You can use slicing with step values to access elements at regular intervals.

import numpy as np

arr = np.array([0, 1, 2, 3, 4, 5, 6, 7, 8, 9])

# Slicing with a step of 2
subset = arr[1:8:2]  # Returns [1, 3, 5, 7]
Multidimensional Indexing

NumPy supports indexing in multiple dimensions for multidimensional arrays (e.g., matrices). You can use comma-separated indices or separate brackets for each dimension.

import numpy as np

matrix = np.array([[1, 2, 3], [4, 5, 6], [7, 8, 9]])

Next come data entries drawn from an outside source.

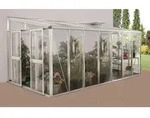 Vitavia Anglehngew&auml;chshaus Helena 11900 Kombiverglasung ESG/HKP Aluminium eloxiert
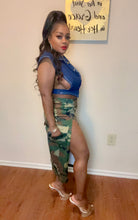 Side Slit Camouflage Skirt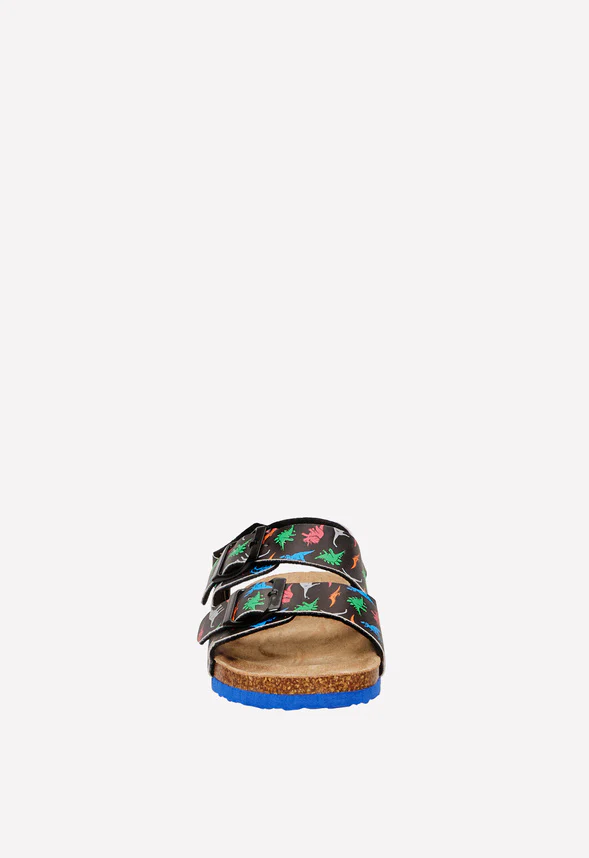 Dino Print Cork Sole Sandal - Image 6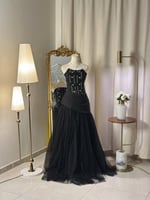 6575 - فستان اسود فخم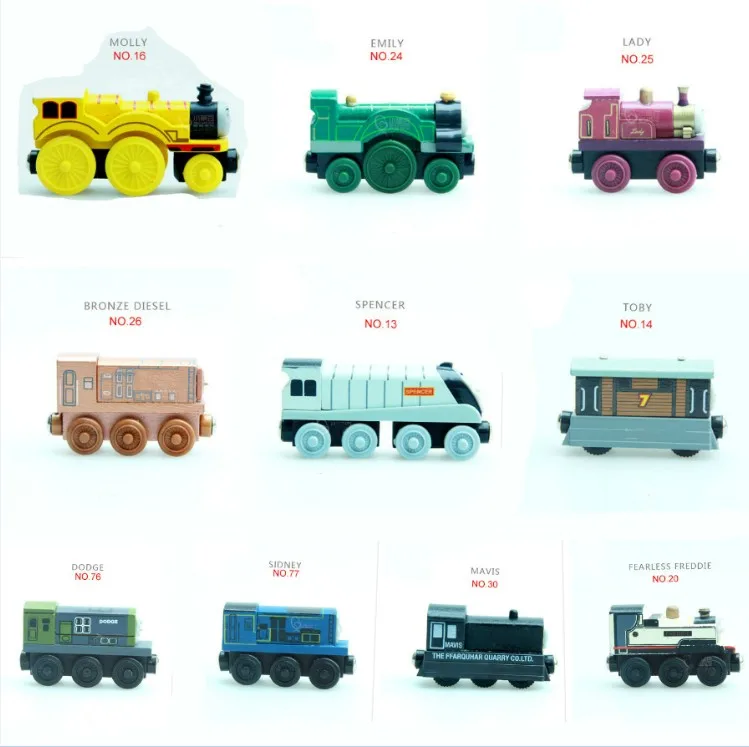 small wooden trains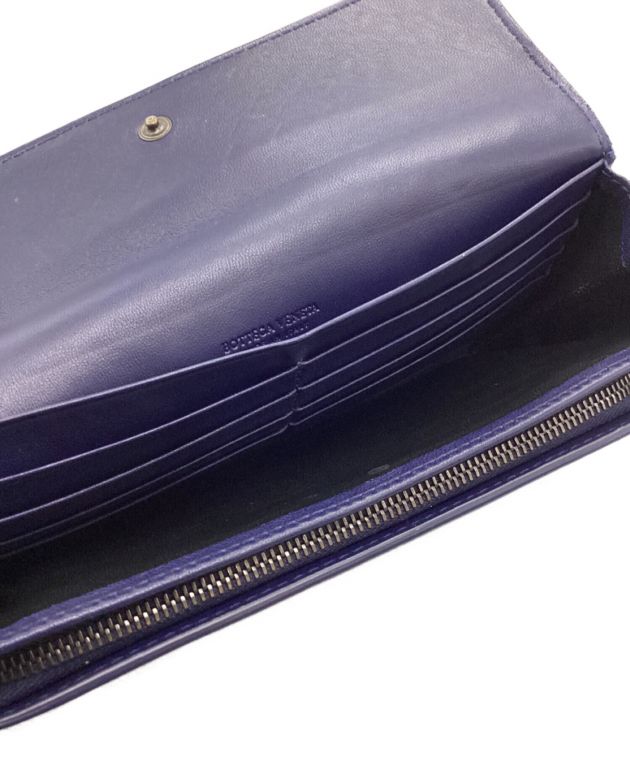 中古品　ボッテガヴェネタ　長財布　ネイビー 中古・古着通販】BOTTEGA VENETA (ボッテガベネタ) 長財布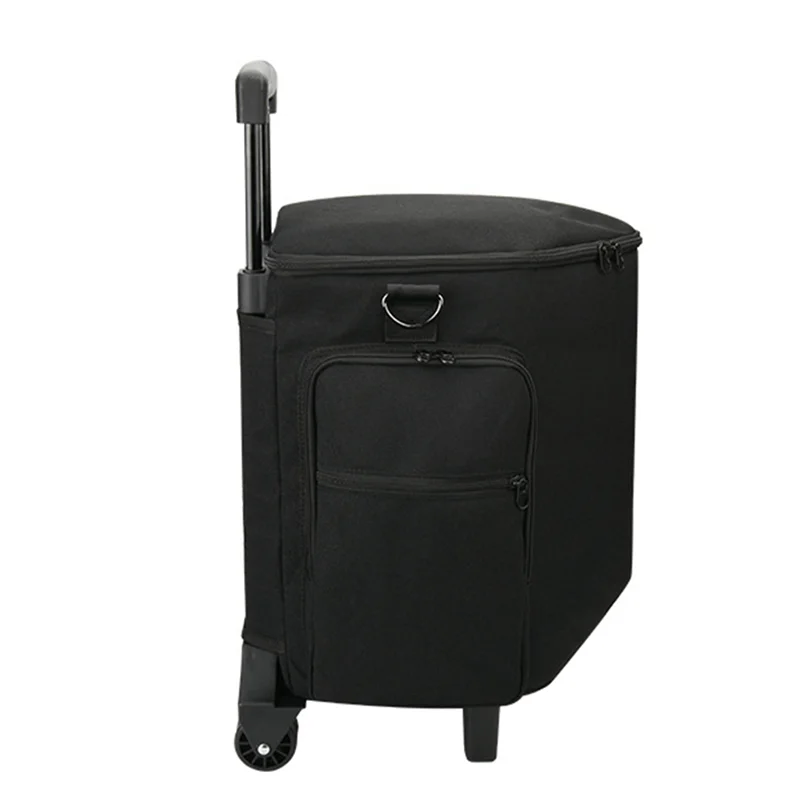 AEF7-Carrying Bag For Bose S1 Pro/Pro+ Speaker Portable Storage Pull Rod Case Speaker Case W/ Elastic Band For Traveling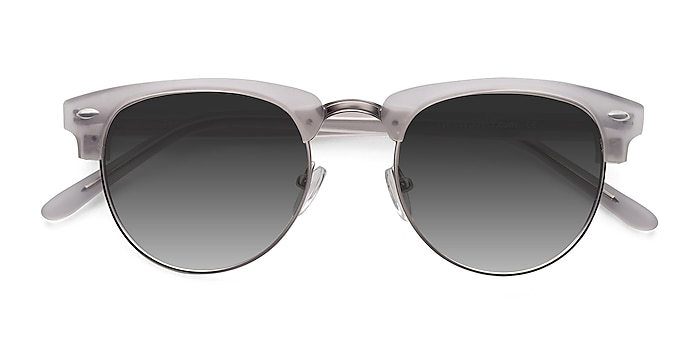  Clear Silver  The Hamptons -  Vintage Acetate, Metal Sunglasses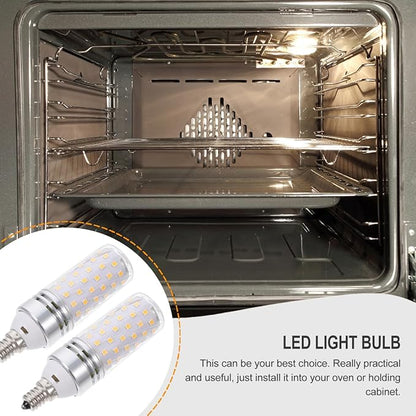VILLCASE 2-Pack E12 Base LED Light Bulbs, 16W Candelabra LED Light Bulb, 3000K, Replacement for Home Lighting Bedroom Lamp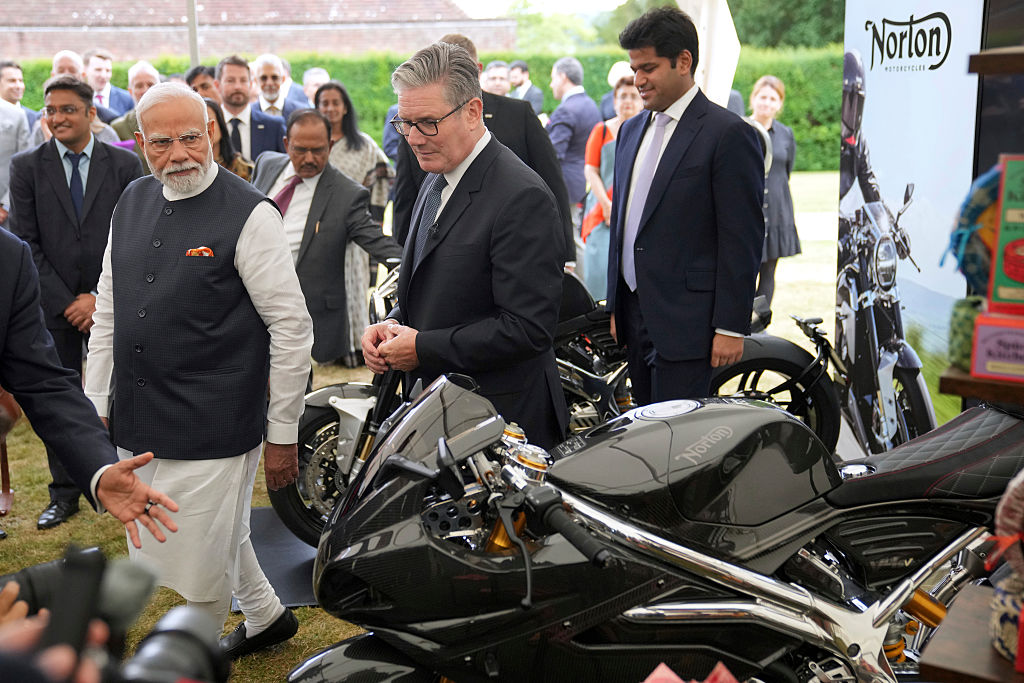 UK Prime Minister Starmer Hosts India's Prime Minister Modi At Chequers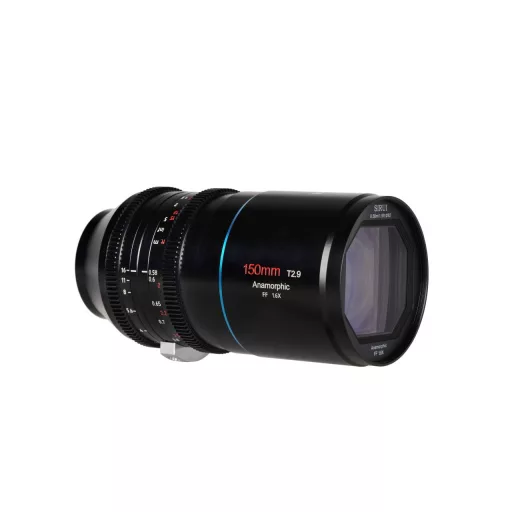 SIRUI Venus 150mm T2.9 1.6x Full Frame Anamorf objektív Leica L bajonettel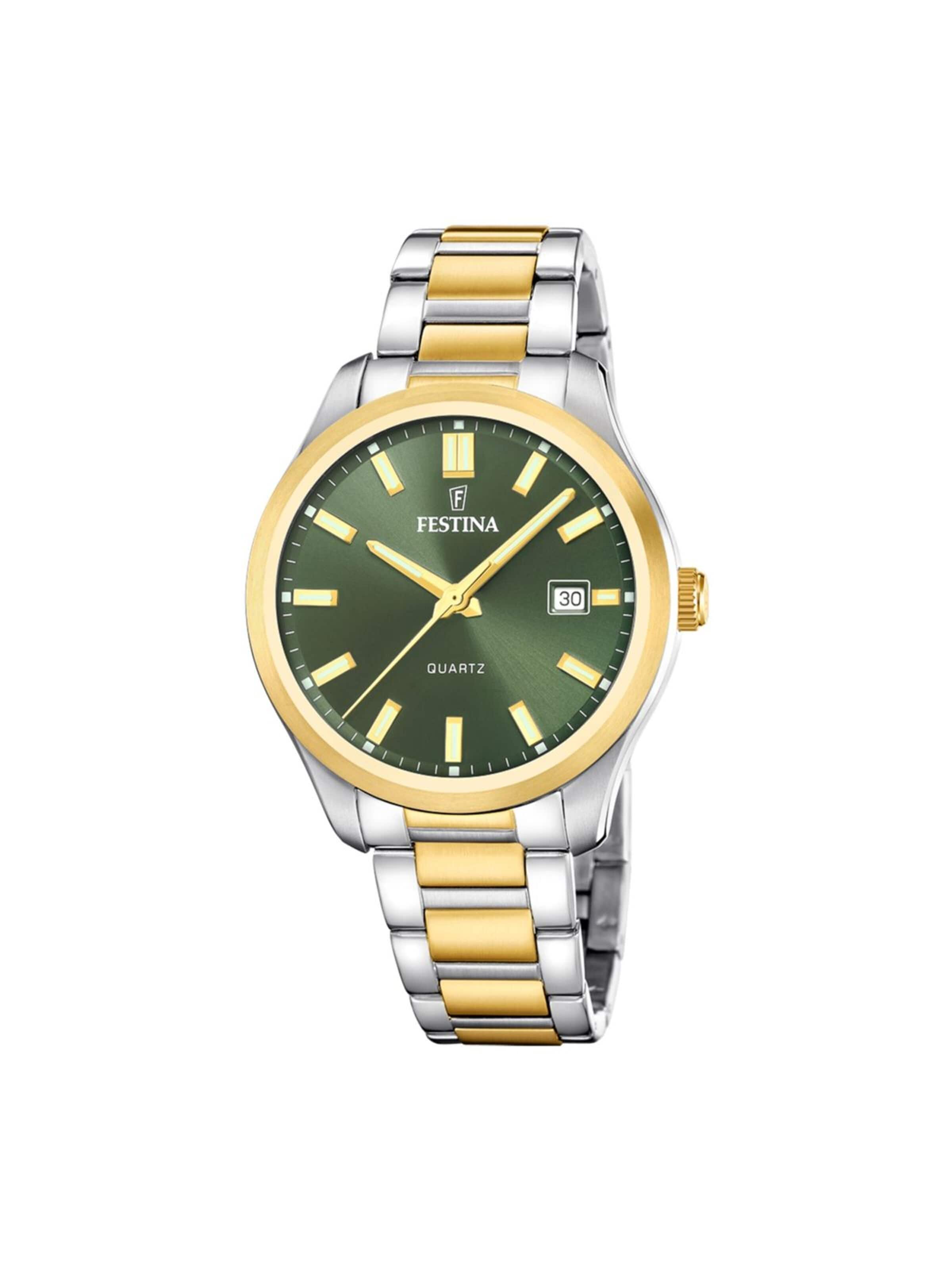 FESTINA Analog watch in Green: front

# Accessing a single element
element = matrix[1, 2]  # Returns 6

# Slicing rows and columns
row = matrix[0]  # Returns [1, 2, 3]
col = matrix[:, 1]  # Returns [2, 5, 8]
Boolean Indexing

You can use boolean arrays to filter elements based on a condition. This is particularly useful for selecting elements that satisfy specific criteria.

import numpy as np

arr = np.array([1, 2, 3, 4, 5])

# Boolean indexing to select elements greater than 3
filtered = arr[arr > 3]  # Returns [4, 5]
Fancy Indexing

NumPy allows you to use arrays of integers or other sequences as indices to access or modify multiple elements simultaneously.

import numpy as np

arr = np.array([10, 20, 30, 40, 50])

# Using an array of indices
indices = np.array([0, 2, 4])
selected = arr[indices]  # Returns [10, 30, 50]
Integer Array Indexing

NumPy also provides advanced indexing techniques like integer array indexing, which allows you to create arbitrary arrays using the data from another array.

import numpy as np

arr = np.array([[1, 2], [3, 4], [5, 6]])

# Integer array indexing to select specific elements
selected = arr[[0, 1], [1, 0]]  # Returns [2, 3]

Conclusion

NumPy is a powerful numerical computing library in Python that provides support for large, multi-dimensional arrays and matrices, along with a collection of mathematical functions to operate on these elements. Understanding how numpy works would also help us to understand other array-like data structures, eg. Tensor.